-------- Supplied records --------

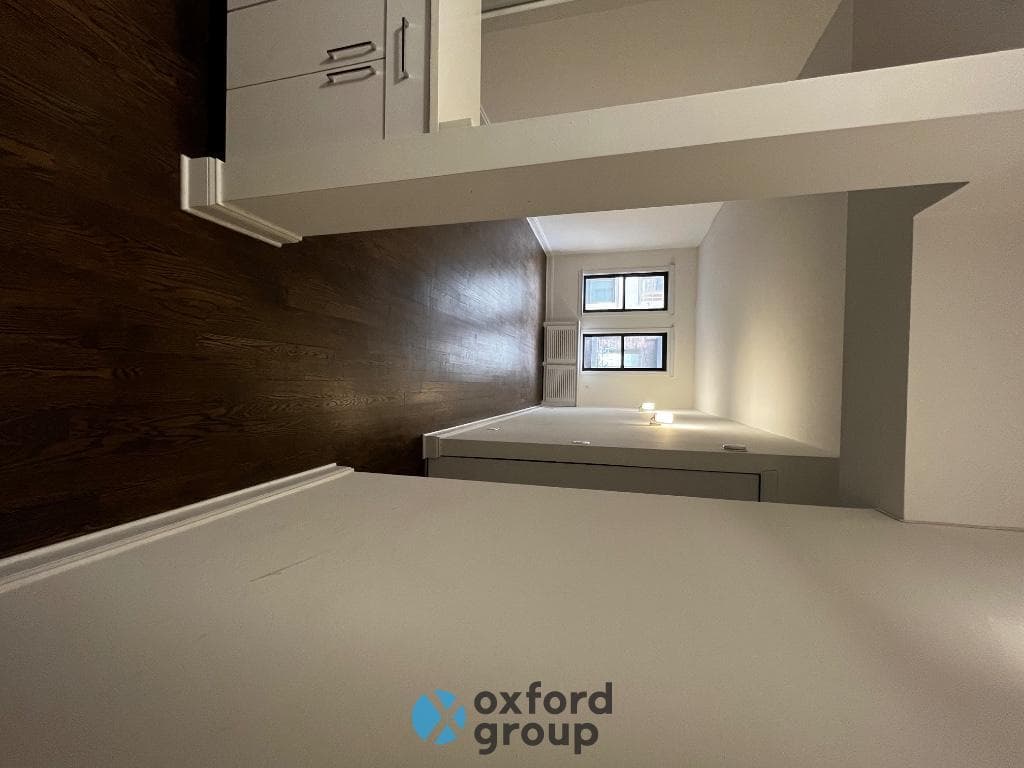 235 West 22 Street #7f, Manhattan, NY 10011 1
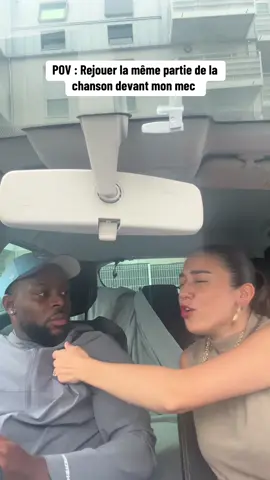 J’ai trop souffert 🤣🤣 #couple #prank #definisnous 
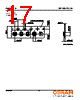 CWCBLPM1.S1 Datasheet HTML 17Page - OSRAM GmbH 
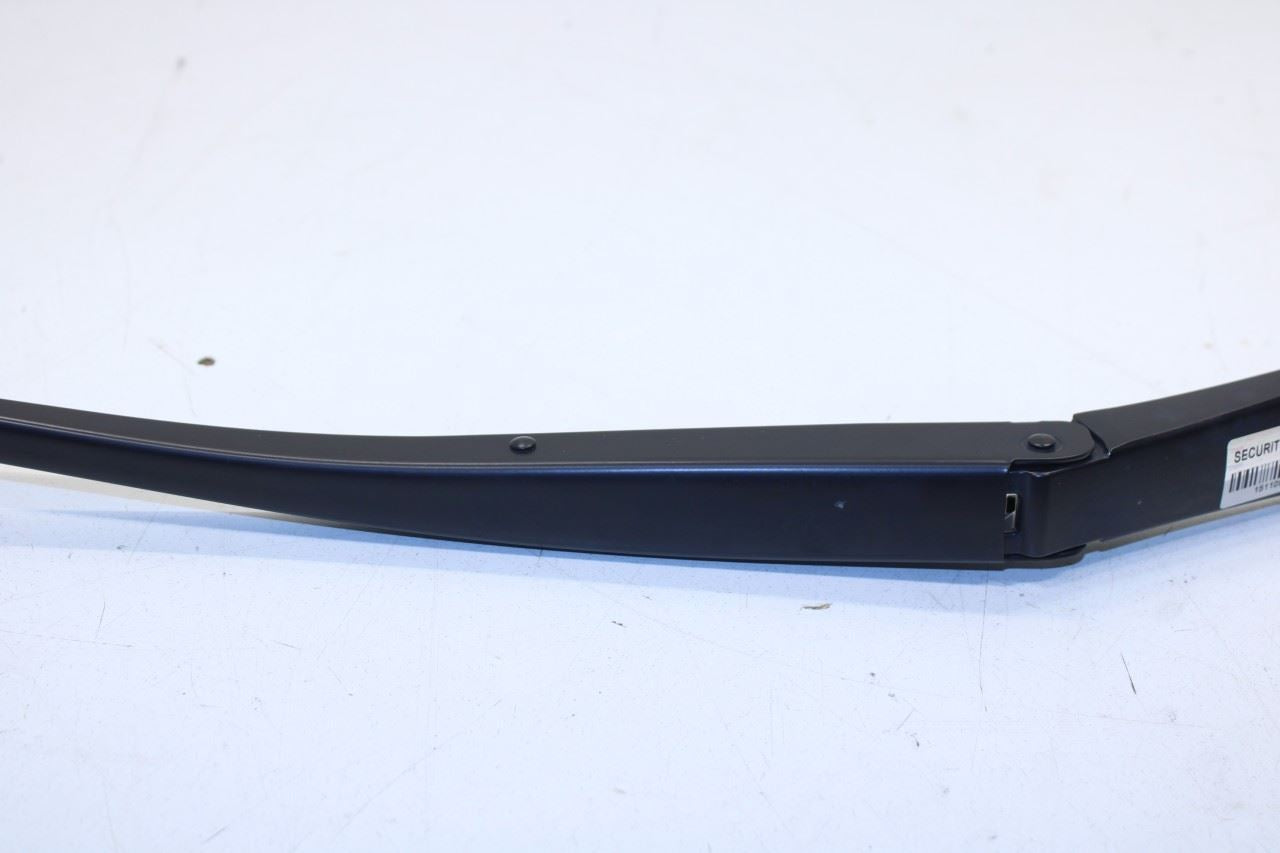 2019-2025 KIA Soul LX Front Left and Right Windshield Wiper Arm 98311-K0000 OEM - Alshned Auto Parts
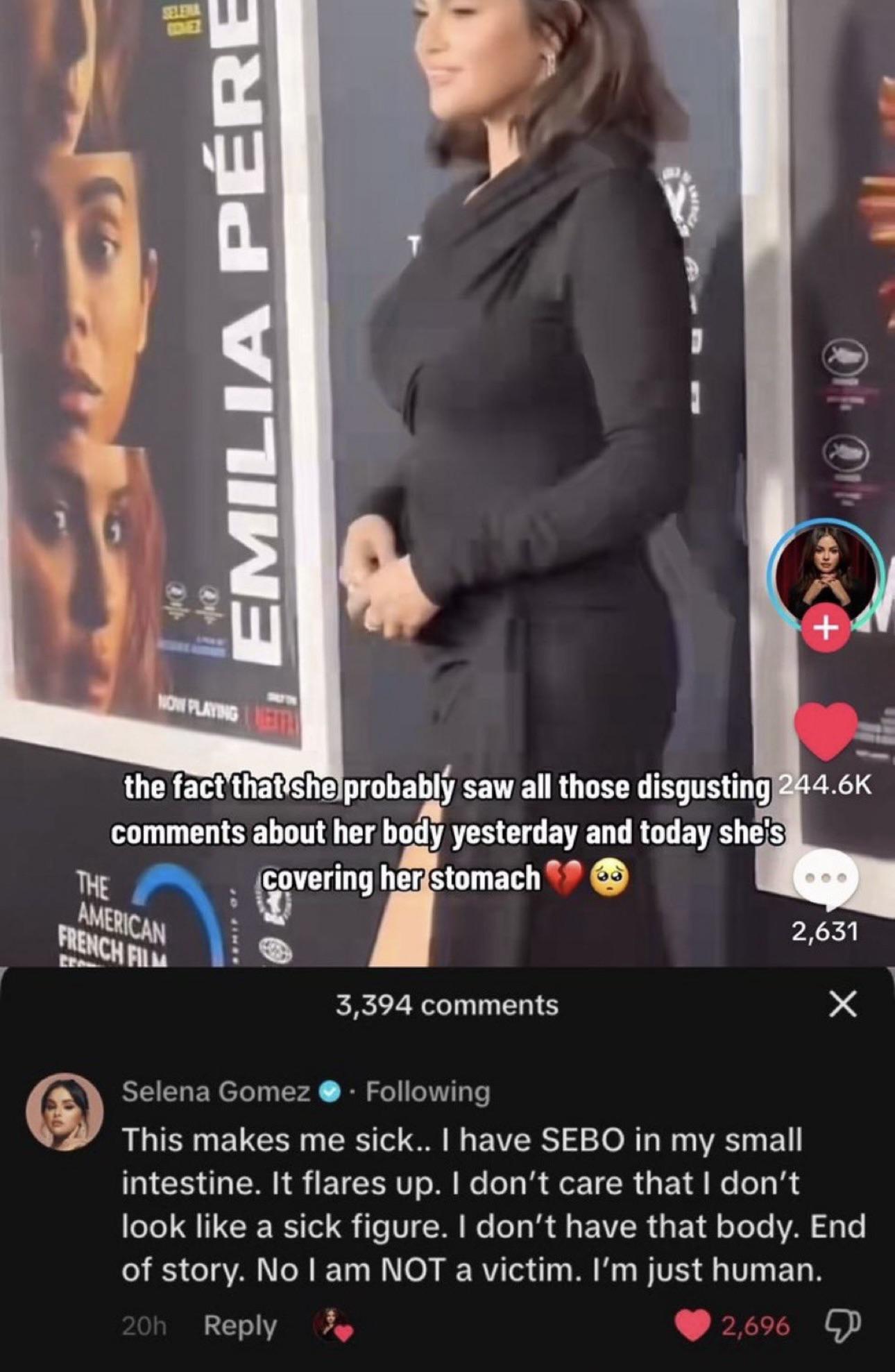 Selena gomez anal sex tape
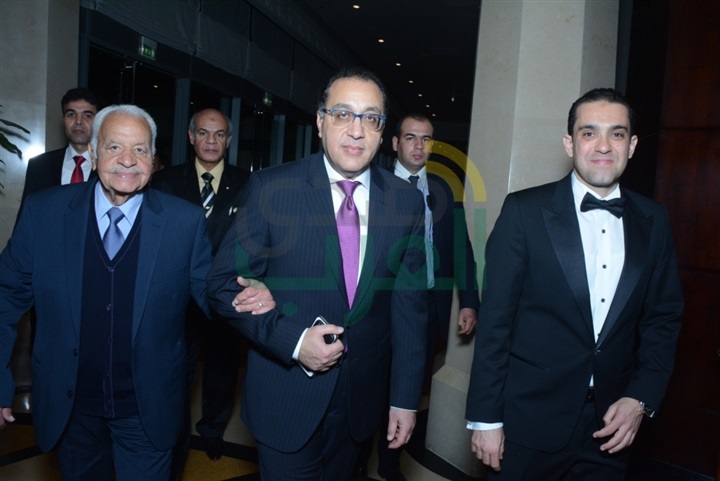 بالصور.. حفل زفاف نجل أحمد زكي عابدين بحضور رئيس الوزراء بالصور.. حفل زفاف نجل أحمد زكي عابدين بحضور رئيس الوزراء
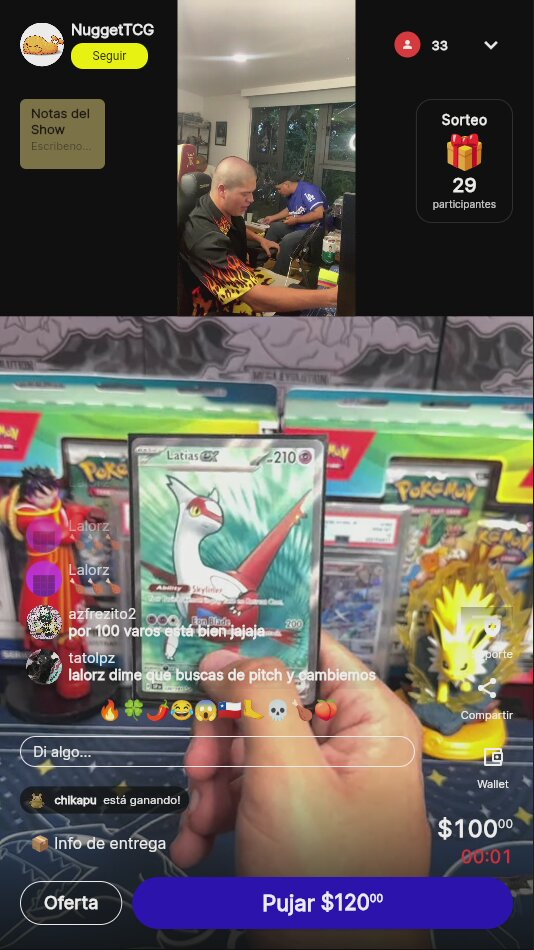Artículo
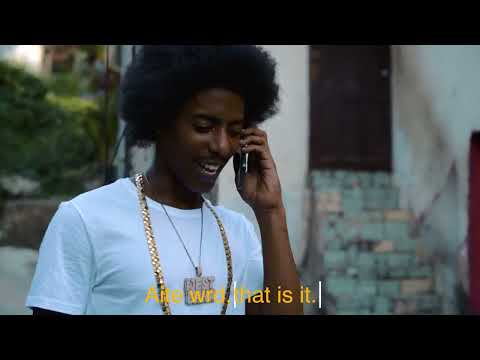 wakco Dan ft kman 6ixx fuck prezzi & we mean it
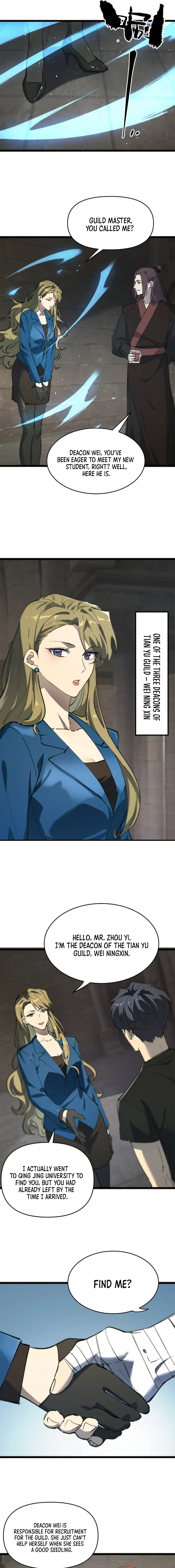 Page 4 of Chapter 67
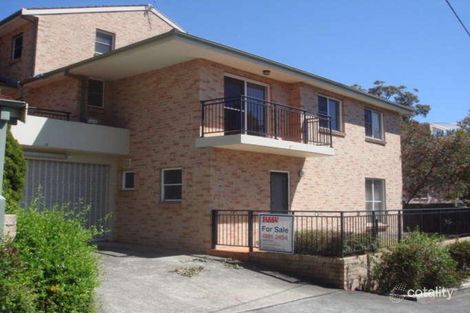 1/10 Tomaree St, Nelson Bay, NSW 2315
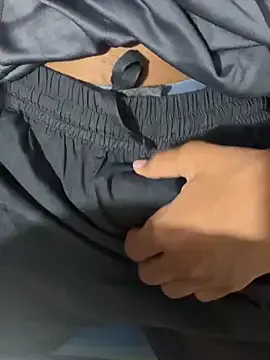 Marcocad — show penis quickly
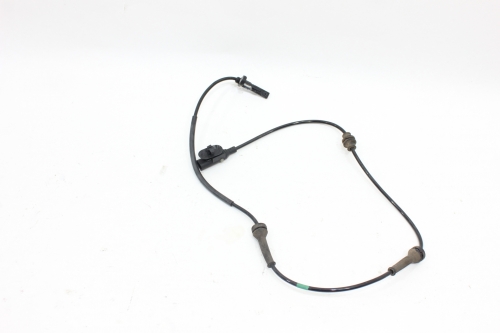 Sensor Abs Dianteiro Ld Jeep Renegade 15/22 Usado (206)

--------

### Your assignment
Give the listing above again word for word, without its pictures.

### Your response
 235 West 22 Street #7f, Manhattan, NY 10011 1
 J’ai trop souffert 🤣🤣 #couple #prank #definisnous 
 CWCBLPM1.S1 Datasheet HTML 17Page - OSRAM GmbH 
 2019-2025 KIA Soul LX Front Left and Right Windshield Wiper Arm 98311-K0000 OEM - Alshned Auto Parts
 Selena gomez anal sex tape
 بالصور.. حفل زفاف نجل أحمد زكي عابدين بحضور رئيس الوزراء بالصور.. حفل زفاف نجل أحمد زكي عابدين بحضور رئيس الوزراء
Artículo
 wakco Dan ft kman 6ixx fuck prezzi & we mean it
 Page 4 of Chapter 67
 1/10 Tomaree St, Nelson Bay, NSW 2315
 Marcocad — show penis quickly
 Sensor Abs Dianteiro Ld Jeep Renegade 15/22 Usado (206)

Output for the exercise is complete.